The going was slow though and it took forever to get to the edge of the plateau for the jump across to Okanogan. I was flying with Bill, Arnie, and Dave W for most of the flight and we made sure to tank up to 3900m before diving off the edge.
The deeper line seemed to be best so a bunch of us committed to landing out if we didn't get up, and it worked. Bill and Arnie went even deeper than me, but we ended up meeting up again at Omak so both lines worked equally well. At this point we parted ways as they chose to fly the middle of the valley over the Omak airport while I opted to head for the SW cliffs.
Approaching the Omak TP just before my hawk attack. |
Finally he tired of dive bombing me and flew off.
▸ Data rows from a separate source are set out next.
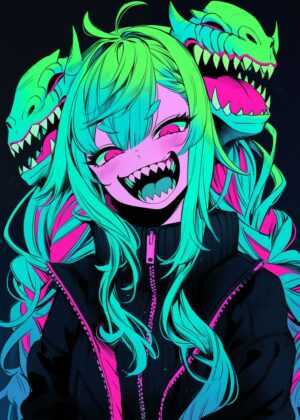 Cyberpunk Anime Girl with Dragon Heads - Premium Wooden Framed Poster. Ready to Hang.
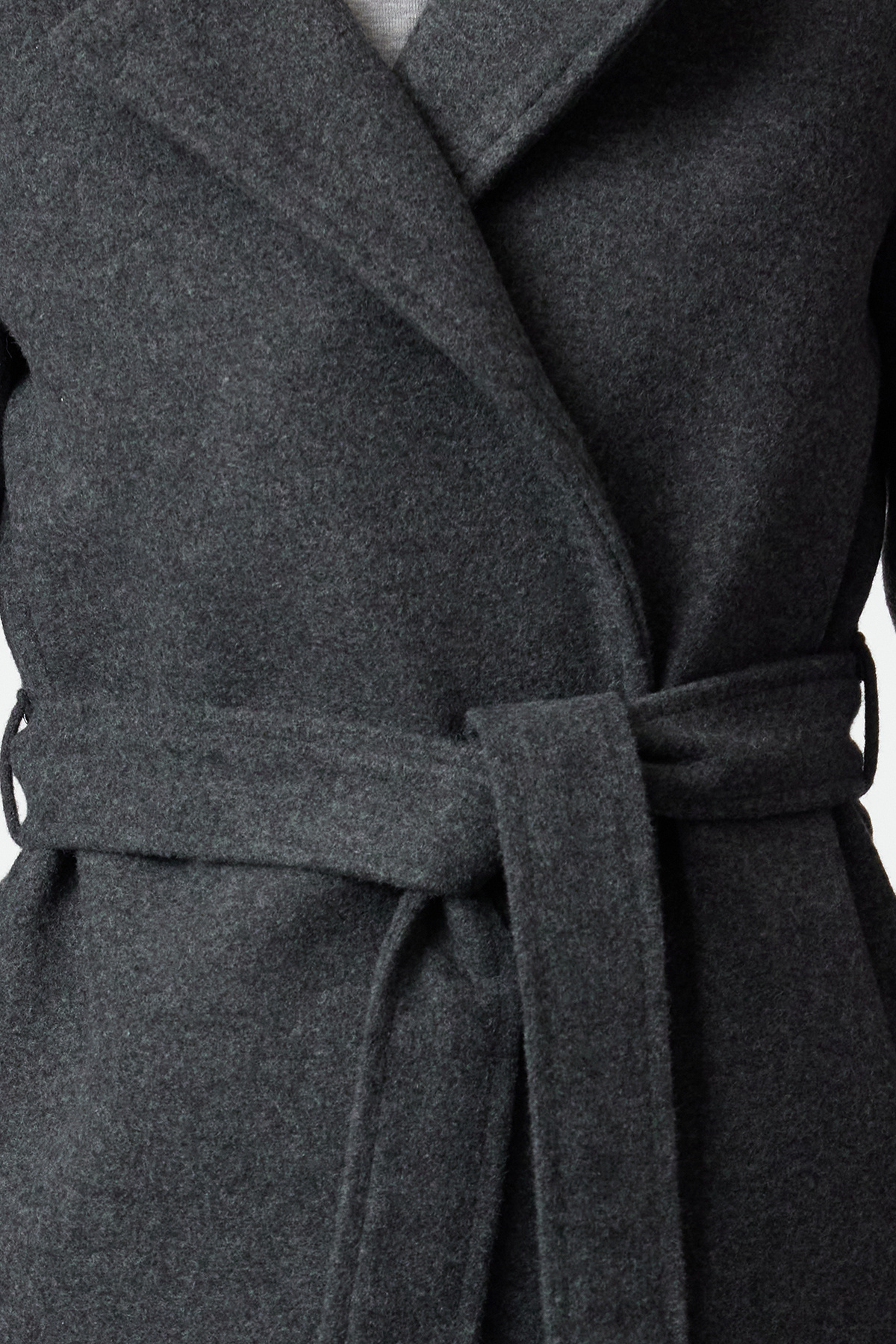 Trendyol Collection Długi wełniany płaszcz Stamp w kolorze antracytowym – z paskiem, TWOAW20KB0033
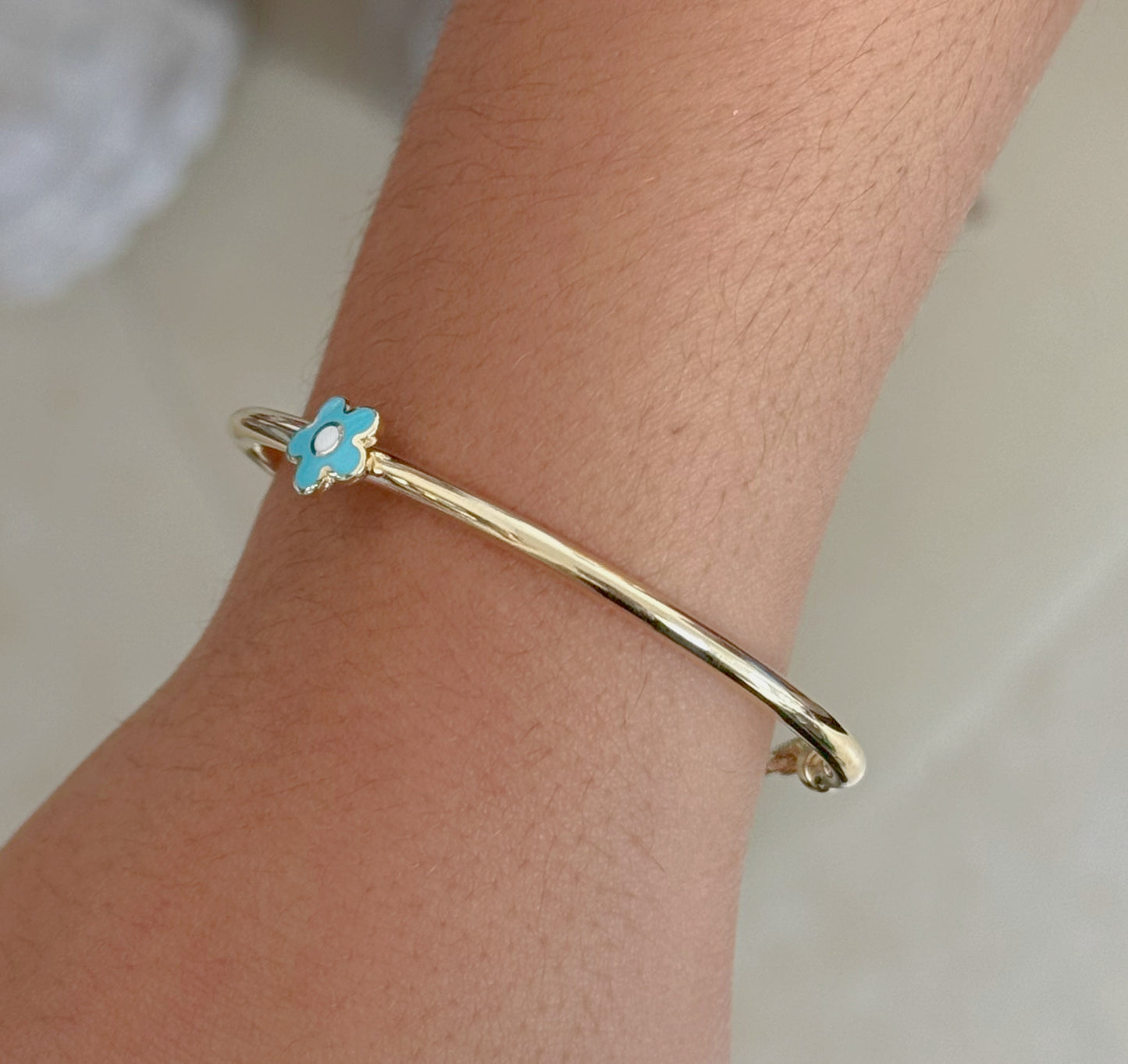 Blue Enamel Daisy Flower Bangle Bracelet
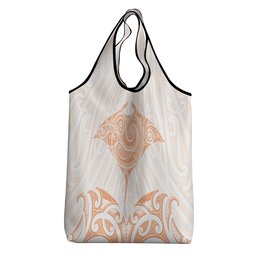 New Zealand Manta Ray Tattoo Grocery Bag Aotearoa Maori Haehae Orange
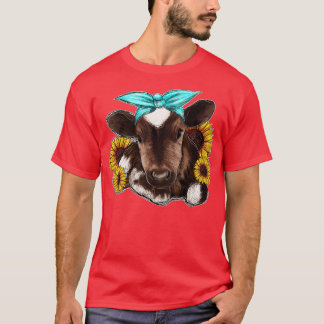T-shirt Pays Occidental Vache de vache avec Sunflower Vach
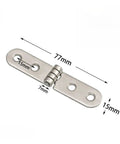 Ten Piece Foldable Flush Hatch Hinges For Tables Desks And Sewing Machines With Low Profile Design And Smooth Folding Motion shown with dimensions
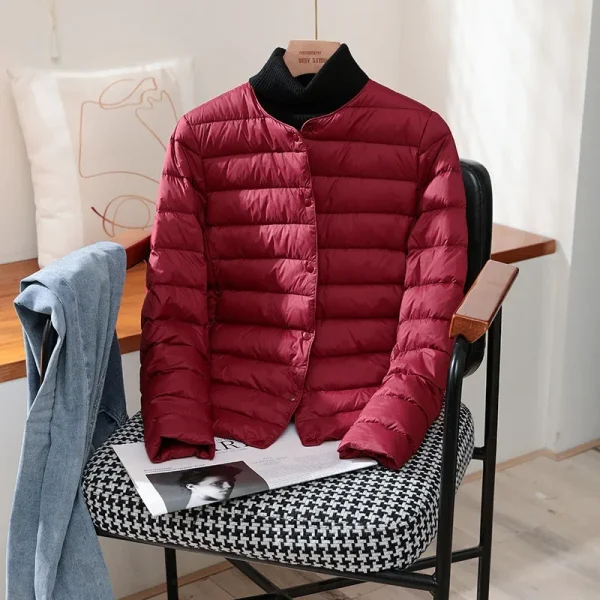 plus size autumn/winter warm women’s white duck down slim puffer jacket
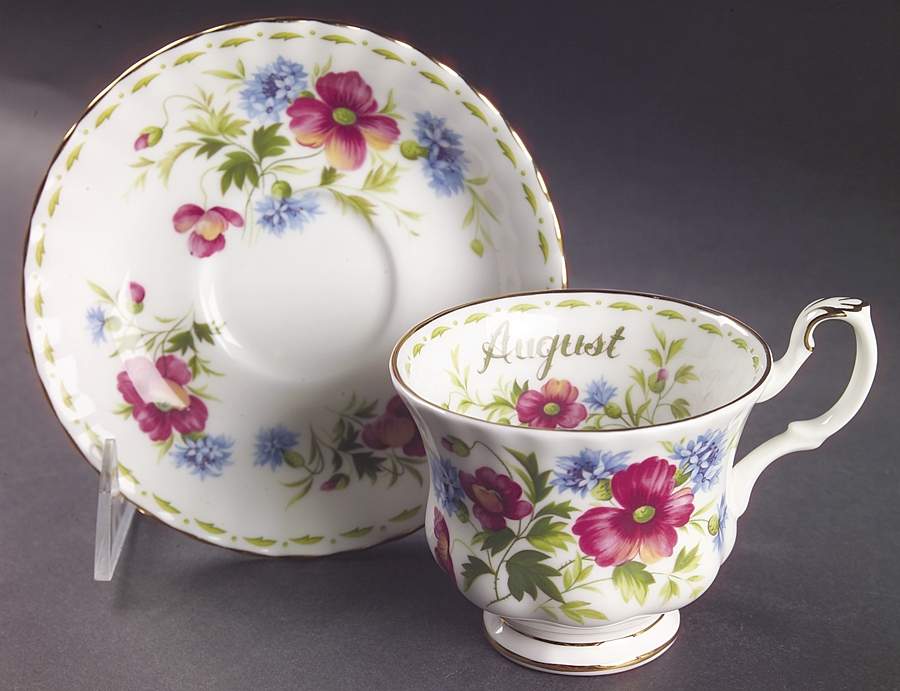 Flower of The Month (Newer, Montrose) Footed Cup & Saucer Set by Royal Albert-1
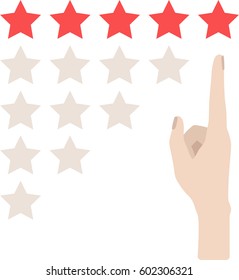 Hand with pointing finger to rating stars. Flat design isolated on white background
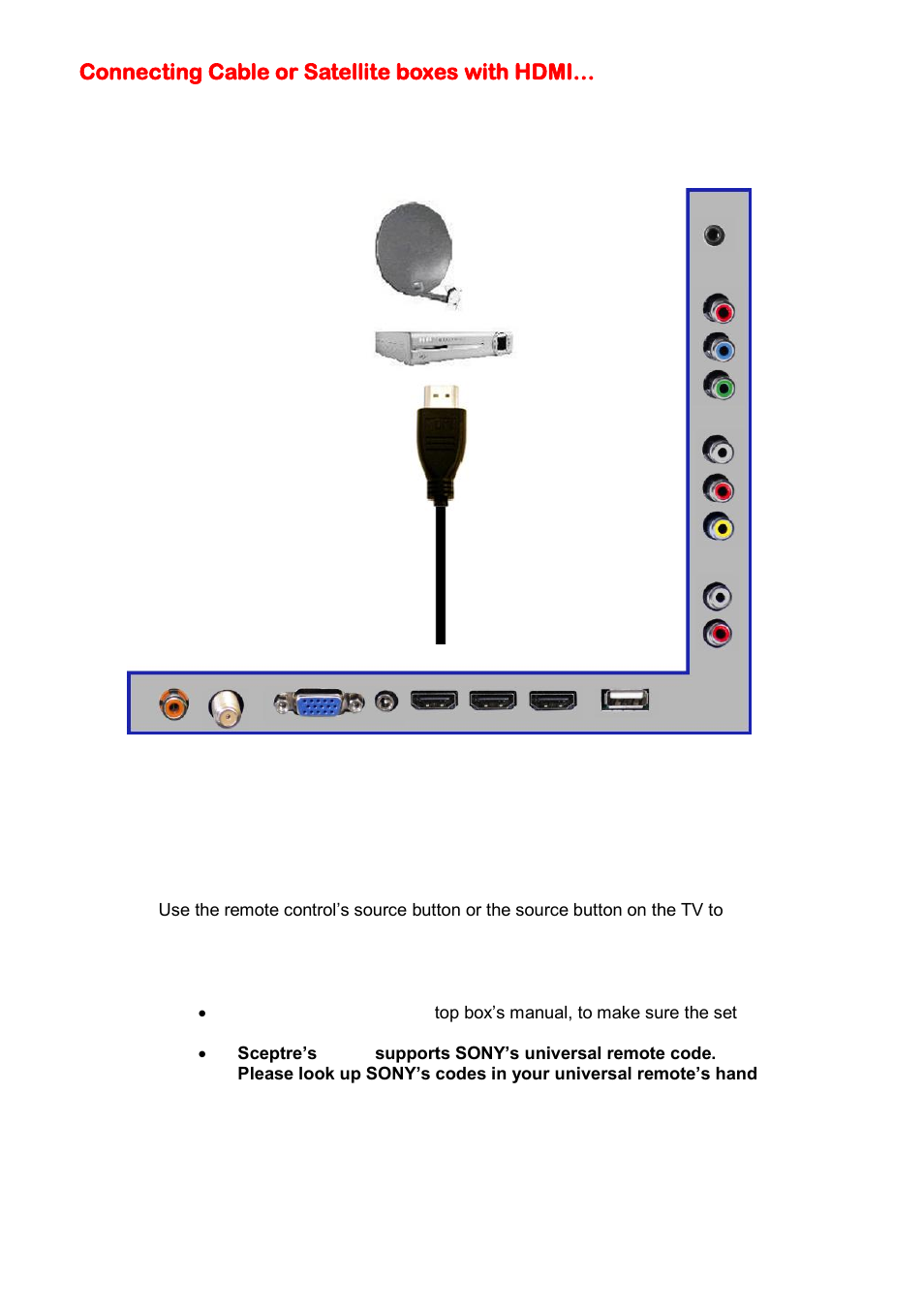 Connecting cable or satellite boxes with hdmi | Sceptre E478BV-FMDU User Manual | Page 20 / 55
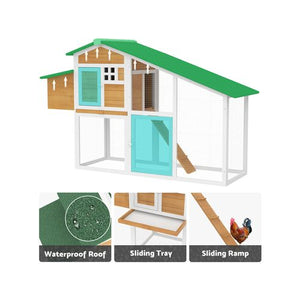 Advwin - Chicken Coop Rabbit Hutch Wooden Large Chick House - petservo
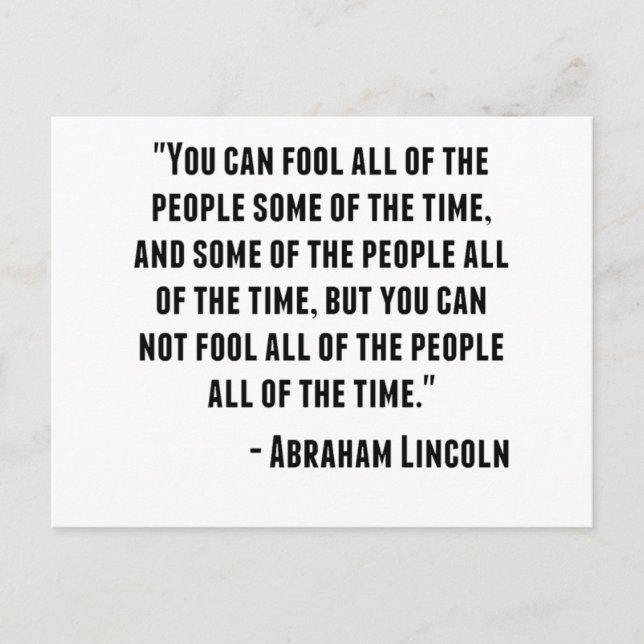 Abraham Lincoln Quote Vykort (Framsida)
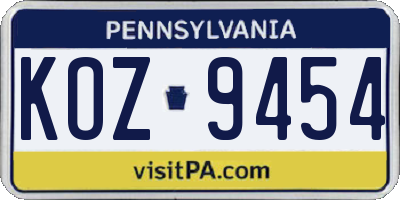 PA license plate KOZ9454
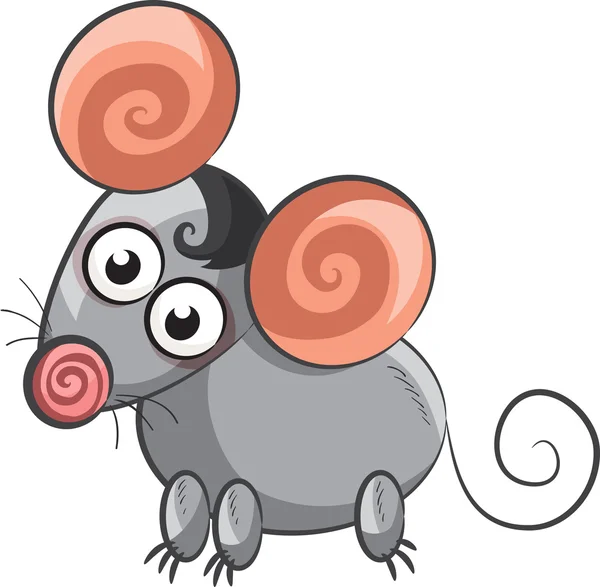 Little gray mouse — Stock Vector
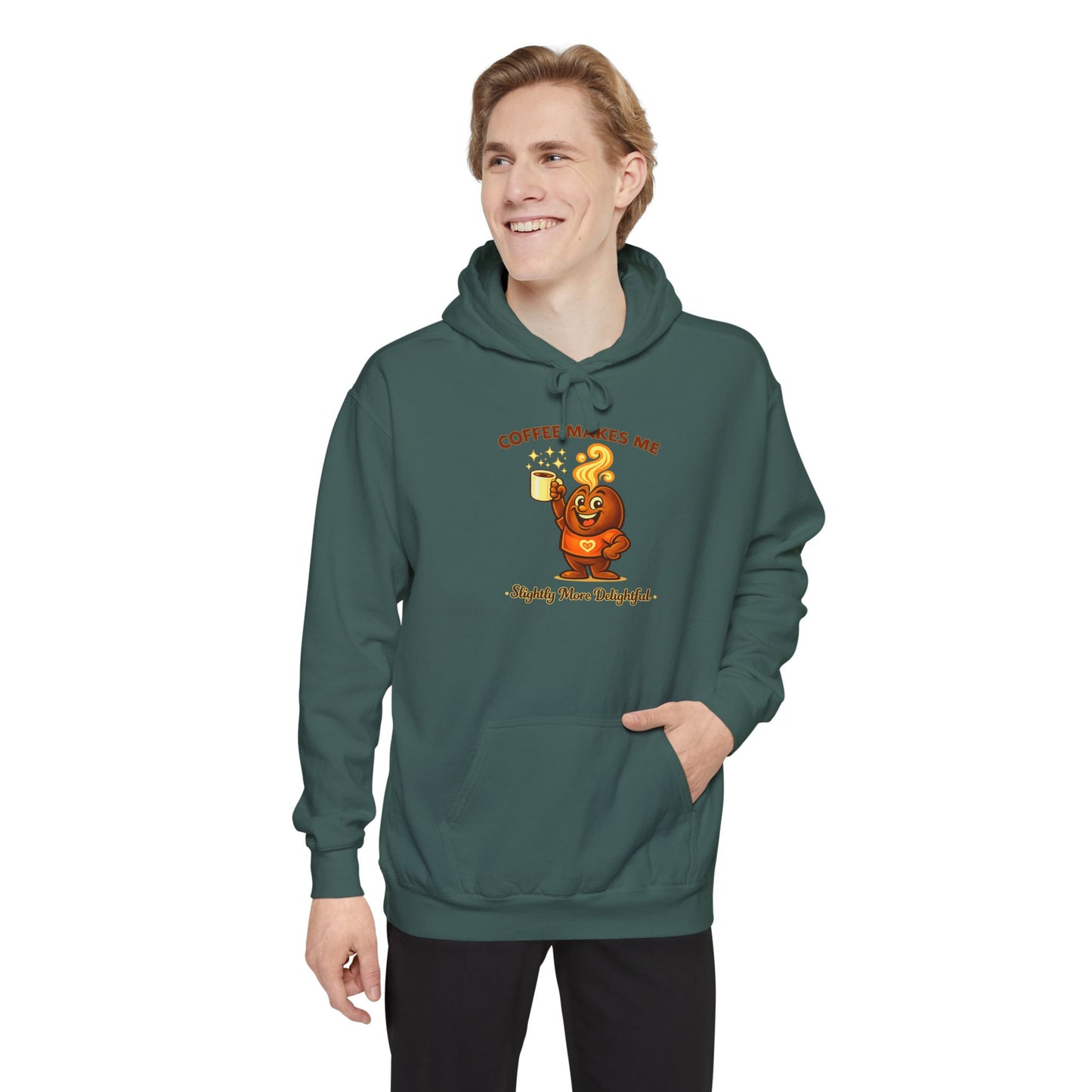 Coffee Makes Me Slightly More Delightful — Comfort Colors Hoodie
I can't really determine why he attacked me in the first place, but he ended up in the exact spot where I had a broken cascade line trailing behind which may have attracted him? After determining that he was indeed gone I continued on to the SW cliffs in the hopes of getting some additional lift for goal in Tonaskat. Weirdly enough there wasn't any lift, despite the fact the cliffs face SW, are super-steep, and are into the prevailing wind. Disappointed, I continued north as goal was only 20km away and I was doing 70kph with a 12:1 glide to goal and was trying to figure out where goal was...I could see the Tonaskat airport (which was supposedly goal) but my goal arrow was telling me to turn up this random valley to the west instead.
Got lots of sink and ended up landing 6.5km short of wherever goal was for 103km. I was super-stoked despite not making goal since it was really close and given how bad the day started I was frankly glad to have made any distance!
Many pilots landed short and were wondering where goal actually was, but some pilots made the goal (a random farm field apparently) while others landed at the airport and ended up 5km short? A really nice day of flying, and other than my hawk attack it was pretty uneventful once established on the plateau.